WHAT YOU HAVE TO DO: For the records below, output word for word the lines from the one with "2024 Chevrolet Blazer RS" up to and including the one with "Biliana Tzinlikova 호프마이스터: 피아노". No pictures.

━━━━━ THE DATA ━━━━━

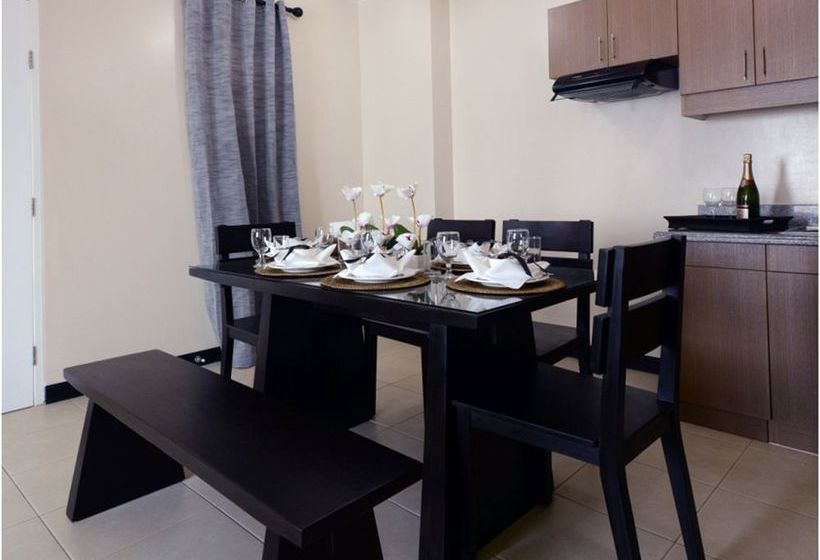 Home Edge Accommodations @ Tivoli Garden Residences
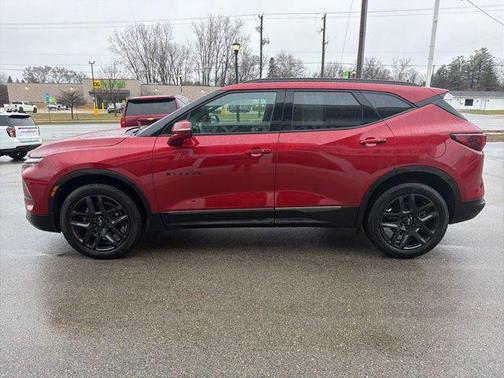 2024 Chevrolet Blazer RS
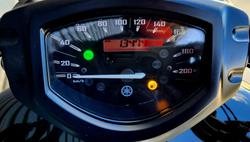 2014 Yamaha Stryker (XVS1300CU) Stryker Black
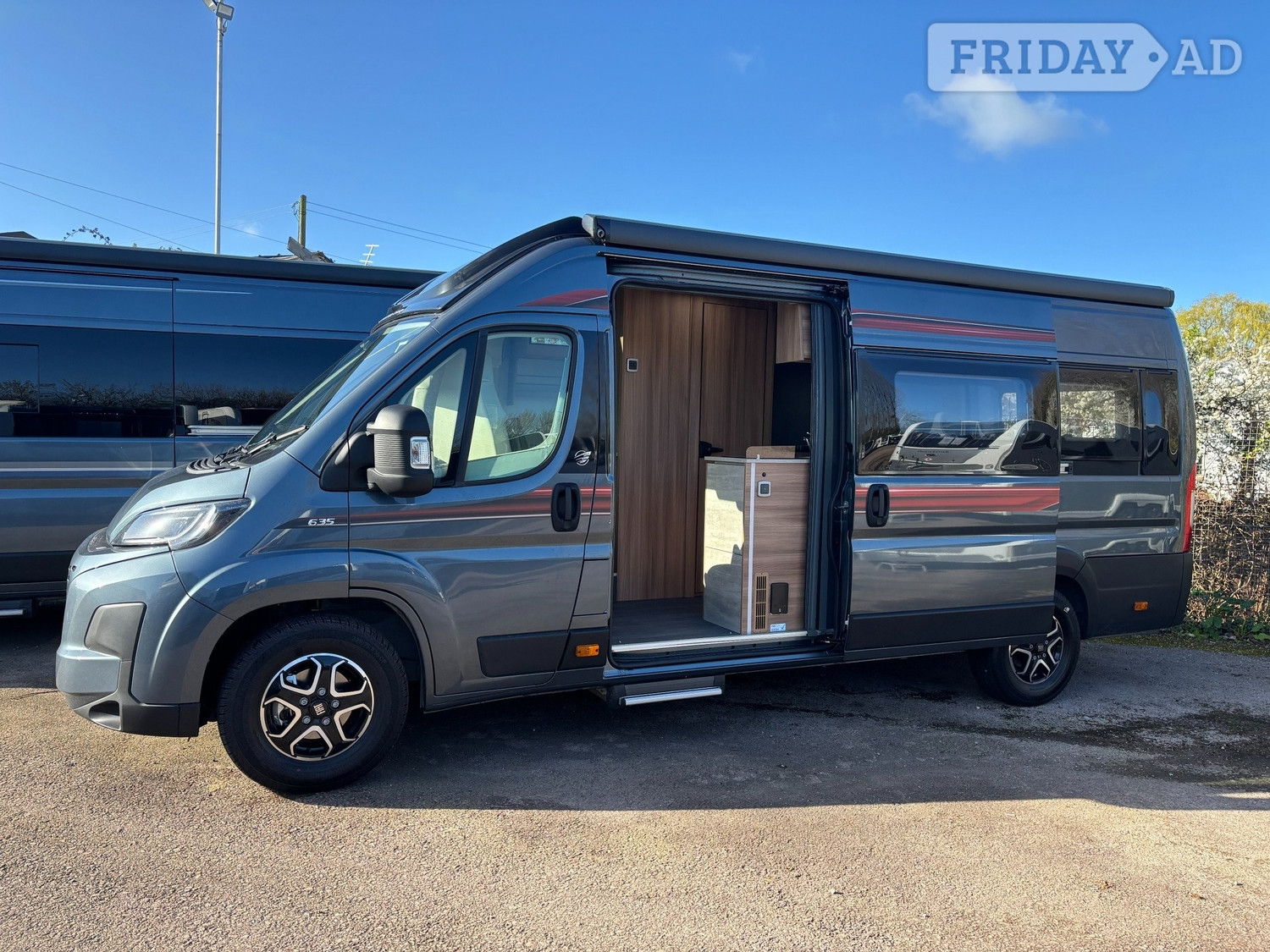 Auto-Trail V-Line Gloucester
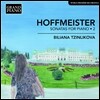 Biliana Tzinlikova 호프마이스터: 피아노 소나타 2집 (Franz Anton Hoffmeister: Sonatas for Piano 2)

━━━━━
━━━━━ THE DATA ━━━━━

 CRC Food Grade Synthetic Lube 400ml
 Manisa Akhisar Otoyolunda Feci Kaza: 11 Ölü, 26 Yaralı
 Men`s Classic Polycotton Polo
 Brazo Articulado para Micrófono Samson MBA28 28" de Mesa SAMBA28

━━━━━
━━━━━ THE DATA ━━━━━

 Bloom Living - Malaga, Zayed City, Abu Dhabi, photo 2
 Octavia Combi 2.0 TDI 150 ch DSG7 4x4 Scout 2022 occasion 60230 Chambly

━━━━━

SOLUTION TO THE PROBLEM:
 2024 Chevrolet Blazer RS
 2014 Yamaha Stryker (XVS1300CU) Stryker Black
 Auto-Trail V-Line Gloucester
 Biliana Tzinlikova 호프마이스터: 피아노 소나타 2집 (Franz Anton Hoffmeister: Sonatas for Piano 2)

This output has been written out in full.